Enable different tensor types in batches

awslabs / gluonts

Probabilistic time series modeling in Python

https://ts.gluon.ai

Apache License 2.0

4.61k stars 752 forks source link

Enable different tensor types in batches #854

Open lostella opened 4 years ago

lostella commented 4 years ago

The very last step of the data loader is to stack a sequence of dictionaries item-wise to get a single dictionary (a batch).

The way things are stacked depends on their type, and currently np.ndarray objects are converted into mx.nd.NDArray ones and stacked along a new first axis, see here.

However, the batchify function could somehow be parametrized by the type of array that it should produce, and yield batches containing PyTorch or TensorFlow arrays instead, if desired. This rather minimal change would enable using the datasets, data transformations, and data loader from gluonts to feed models written using frameworks other than mxnet.

One way to do that would be passing a parameter down the data loading stack (some string?); a less invasive option could be that of using a context manager.

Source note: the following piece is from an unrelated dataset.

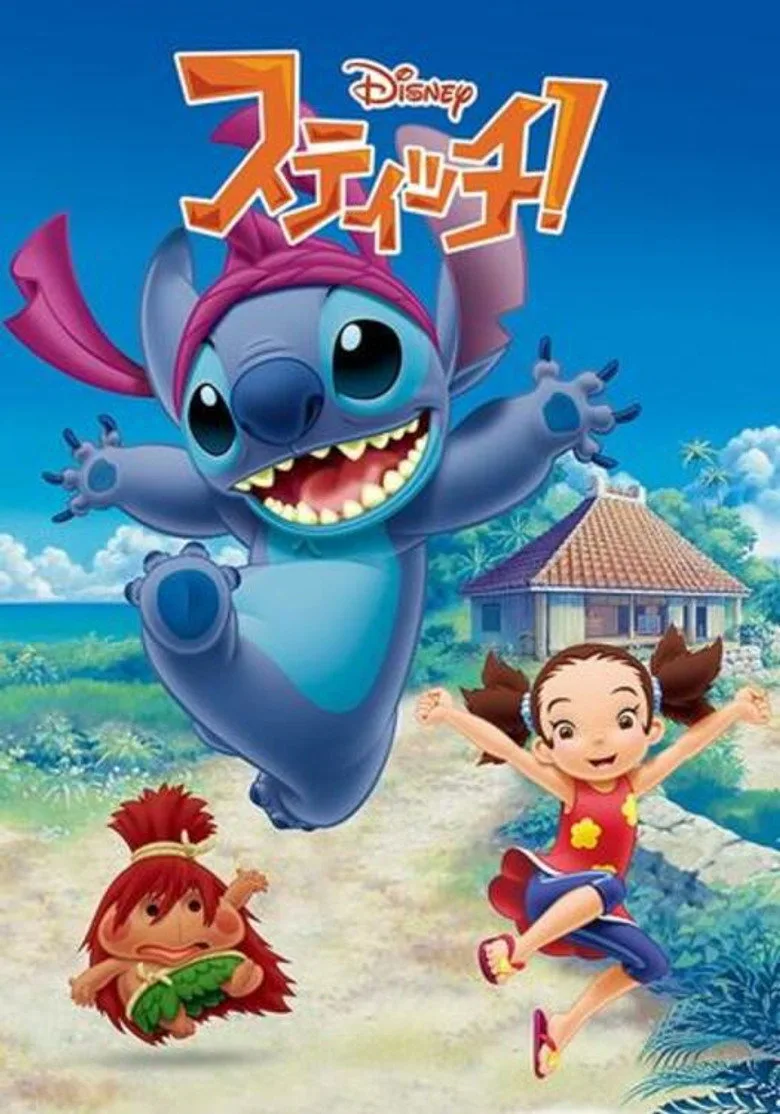 Stitch! posteri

canerturkmen commented 4 years ago

We could have both a parameter and a context manager, as in mxnet context.

AaronSpieler commented 4 years ago

We also need to extend the pickling methods to support pytorch, essentially this:

# retrieve the batch from shared memory along with metadata
success, worker_id, batch = pickle.loads(got)

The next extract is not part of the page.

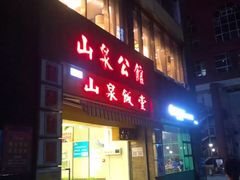 门面-山泉公馆酒家(珠江新城店)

needs to work for pytorch (tensors) too.

jaheba commented 4 years ago

We also need to extend the pickling methods to support pytorch, essentially this:
# retrieve the batch from shared memory along with metadata
success, worker_id, batch = pickle.loads(got)
needs to work for pytorch (tensors) too.

We need to be fully serde compatible, not just pickle.

jaheba commented 4 years ago

Couldn't we just use type-specific strategies for this? Basically define a Batcher type, which then is implemented for different types?

lostella commented 4 years ago

Couldn't we just use type-specific strategies for this? Basically define a Batcher type, which then is implemented for different types?

Yeah, something like that as well

kashif commented 4 years ago

thanks for looking into this... on the pytorch side though it would be ideal to continue to use torch DataLoader which then return the batches from some map or Iterable style Dataset. The DataLoader also supports workers etc. and other libraries like pytorch-Lightning then work with this abstraction. On the tensorflow side I would need to check what tf-data expects or returns...

lostella commented 4 years ago

thanks for looking into this... on the pytorch side though it would be ideal to continue to use torch DataLoader which then return the batches from some map or Iterable style Dataset.

Yes, it would be nice to have that too.

What I’m proposing here is to maintain gluonts’ data loader as a first step (this should really be a no-brainer). But I agree that eventually making it easy to use each framework’s dataset abstractions and data loading tools would be very nice.